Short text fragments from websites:

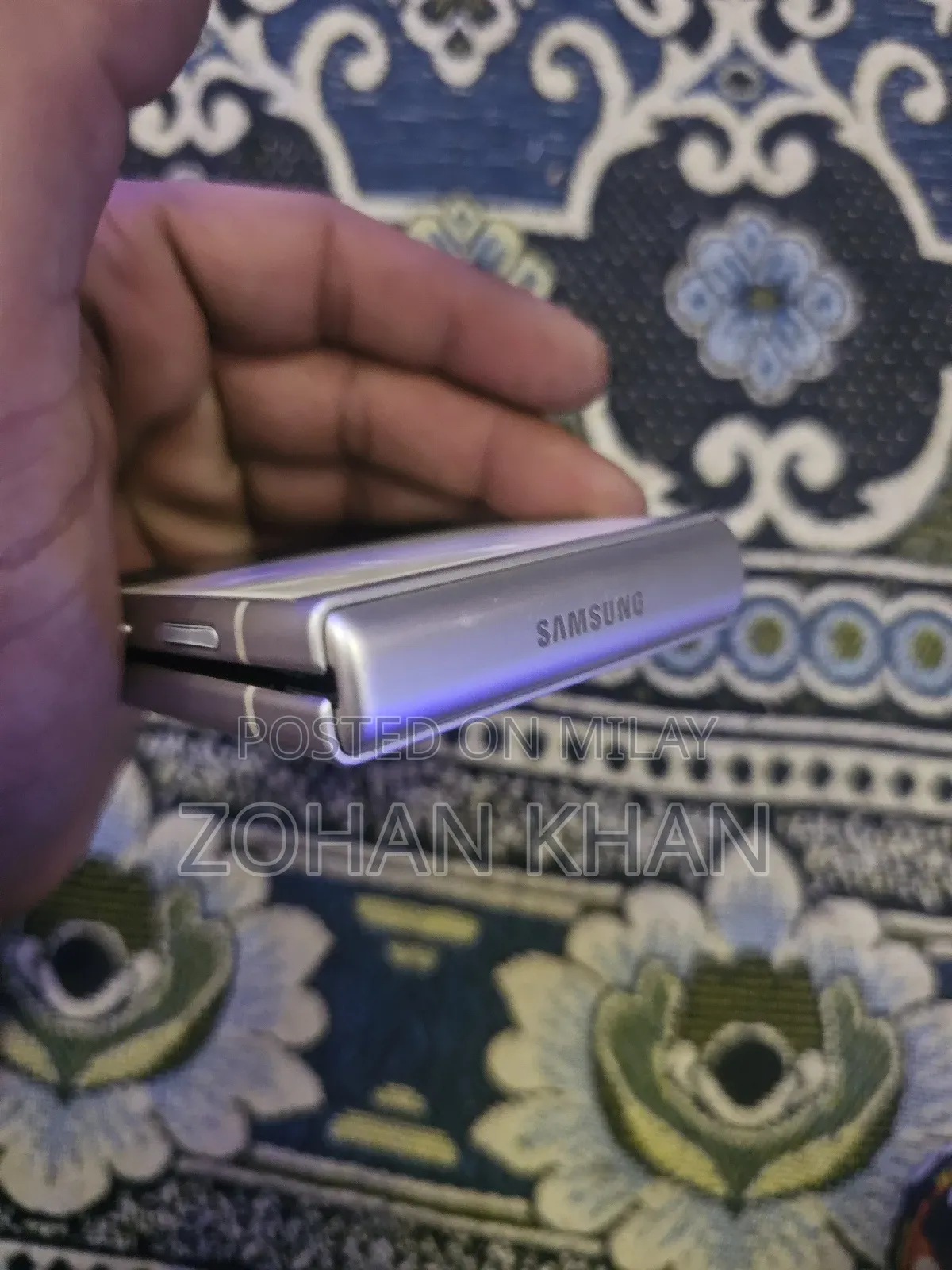 Samsung Galaxy Z Flip 3 256 GB Gold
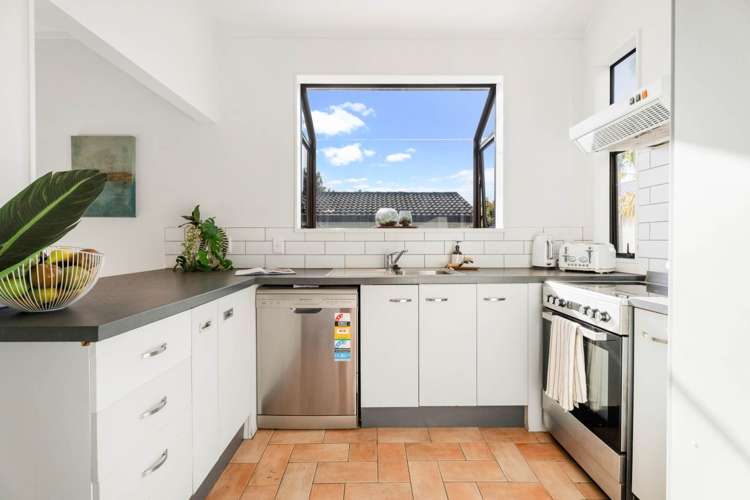 2/14 Abbotts Way Remuera_6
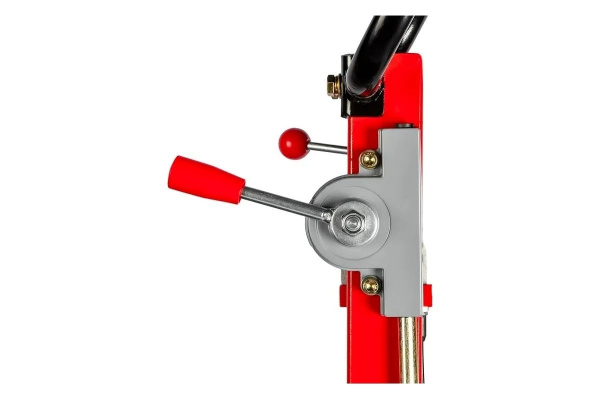 Виброплита DDE VP260-HK (Honda 13,0 л.с.,плита 830х680 мм,750 кв.м./час.КОЛЕСА)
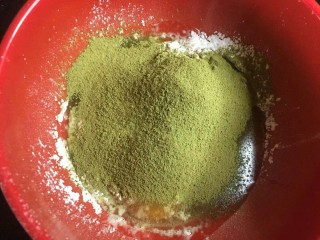 20、爆浆抹茶冰心面包,制作抹茶卡仕达酱，两个全蛋（也可以用四个蛋黄）➕ 35克玉米淀粉➕10g抹茶粉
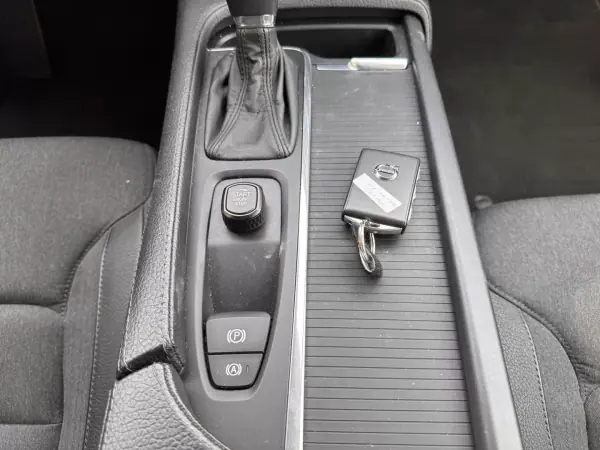 Volvo V90 2017 - 23750 EUR, 133014 km - AUTO.MOTO.pt - 133014km - foto 21 de 25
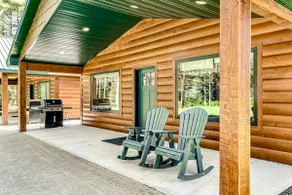 Dog-Friendly Cabin with Hot Tub & Fireplace - Image 4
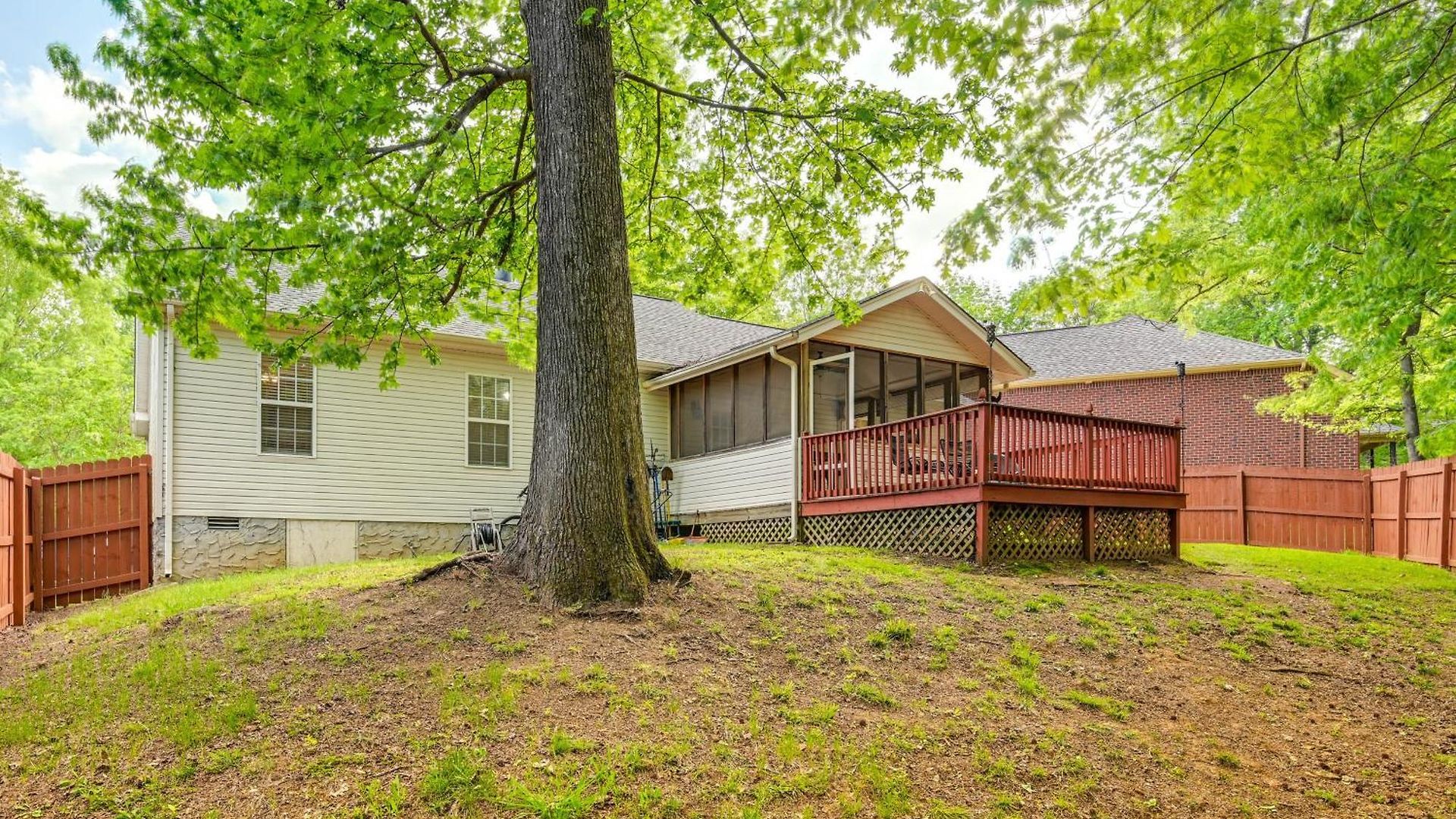 Cozy Hermitage W/ Deck: 11 Mi To Nashville! Holiday home Nashville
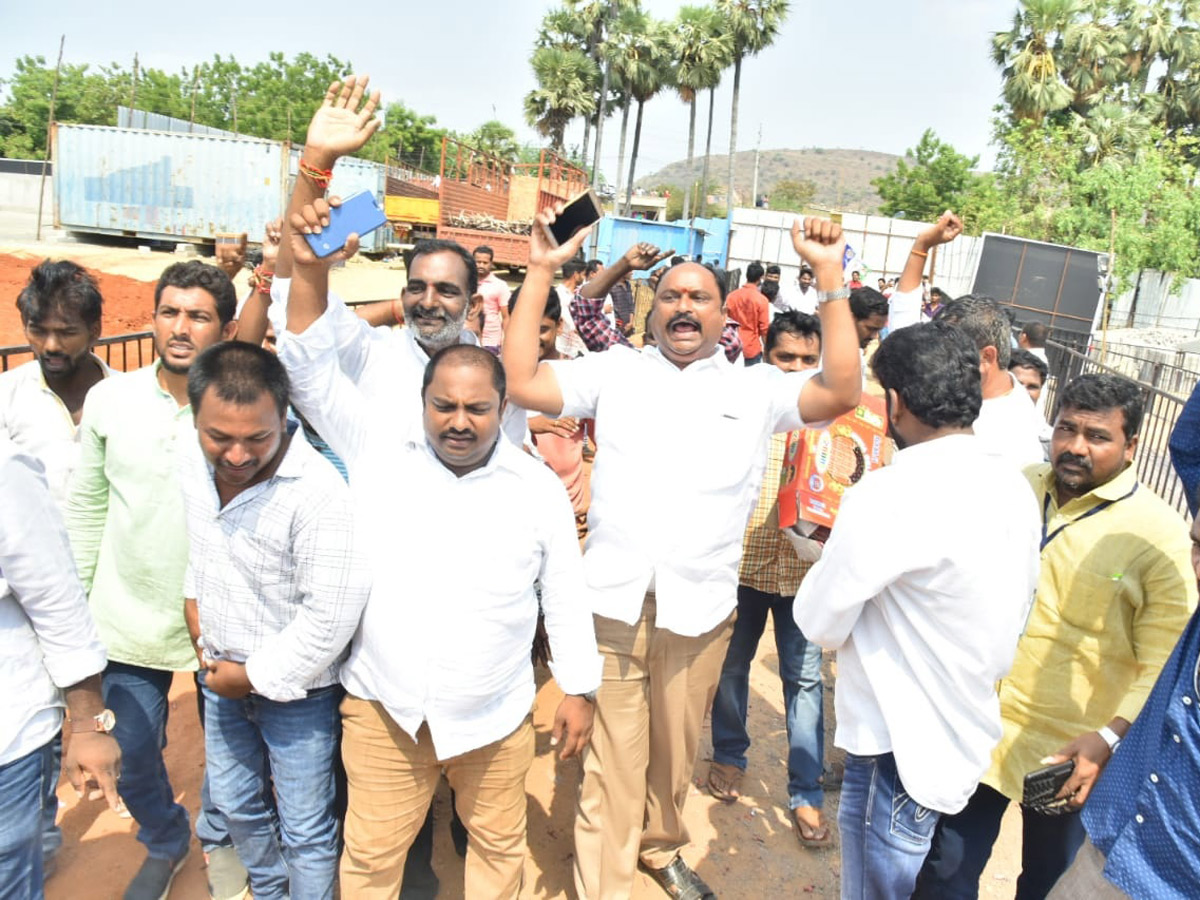 YSRCP Celebration in Ap Elections 2019 - Sakshi4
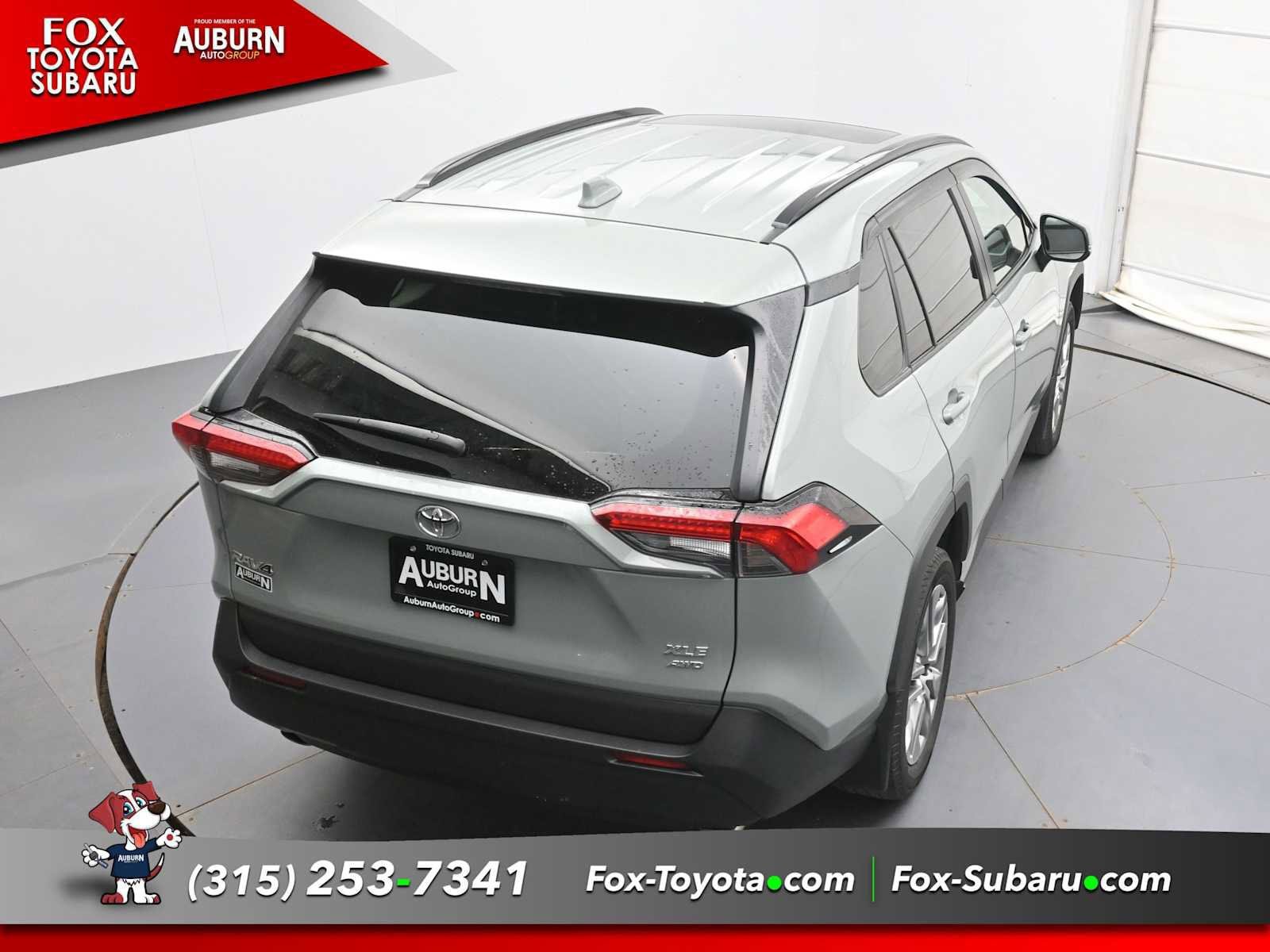Used 2023 Toyota RAV4 XLE Premium AWD/4WD image 29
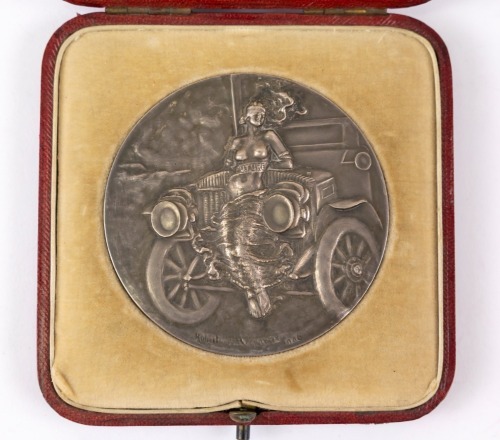 BRITAIN/IRELAND: An original 1909 'The Motor Union of Great Britain & Ireland' medal won by 'Dr. G. Horatio Jones' 'Oxfordshire A.C., Hill Climb, June 24th 1909' [Location: Perth]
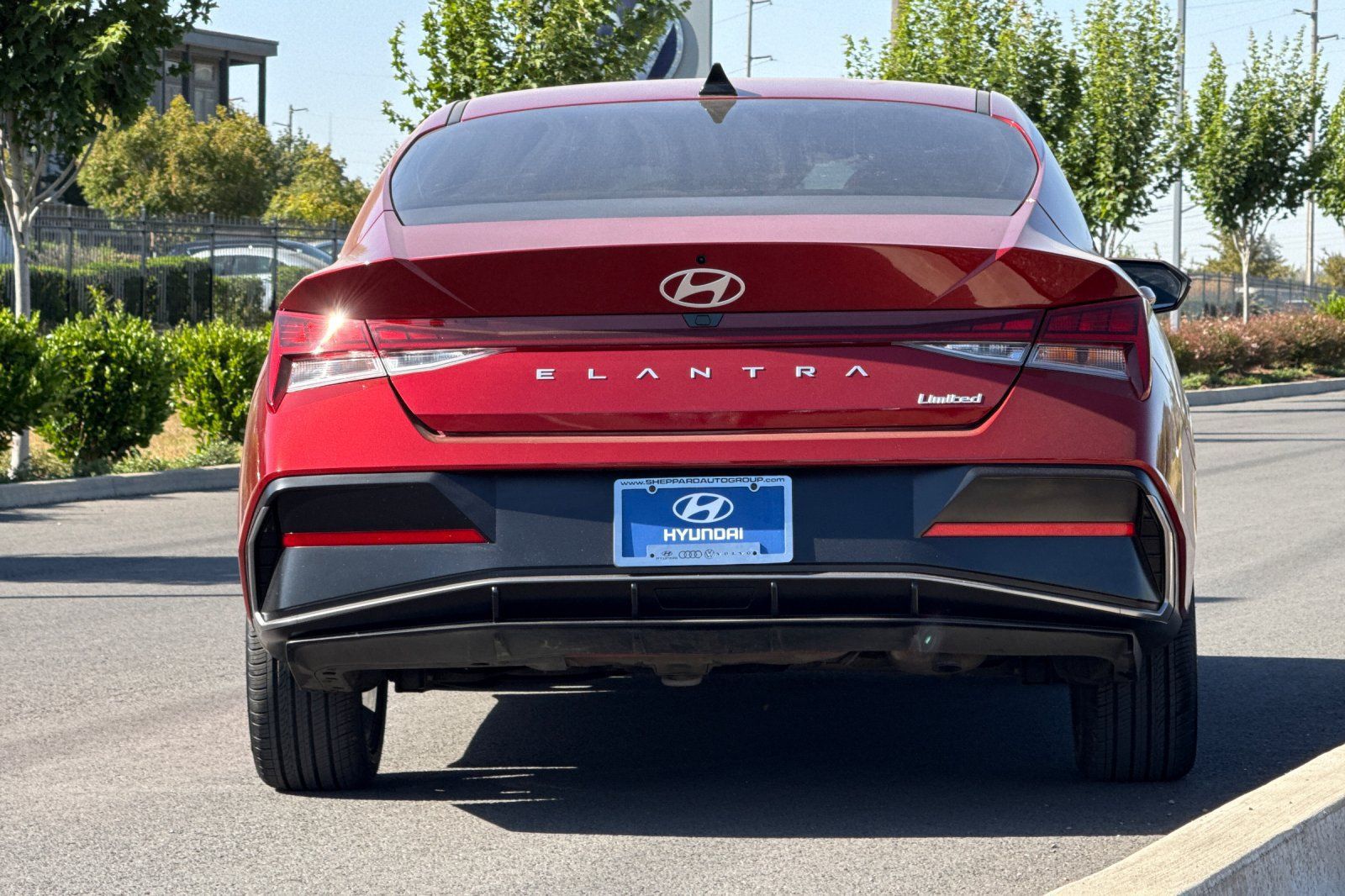 Used 2025 Hyundai Elantra Limited FWD image 4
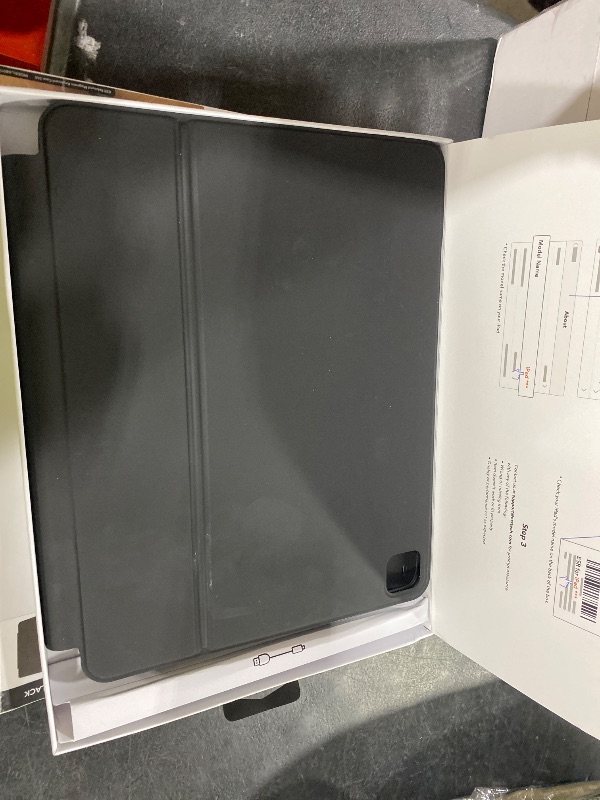 Photo 1 of ESR Keyboard Case for iPad Pro 12.9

## Assignment
All lines from the one bearing "Used 2023 Toyota" through the last line of the records, and only those, should be duplicated exactly; no picture belongs in the copy.

## The answer
Used 2023 Toyota RAV4 XLE Premium AWD/4WD image 29
 BRITAIN/IRELAND: An original 1909 'The Motor Union of Great Britain & Ireland' medal won by 'Dr. G. Horatio Jones' 'Oxfordshire A.C., Hill Climb, June 24th 1909' [Location: Perth]
 Used 2025 Hyundai Elantra Limited FWD image 4
 Photo 1 of ESR Keyboard Case for iPad Pro 12.9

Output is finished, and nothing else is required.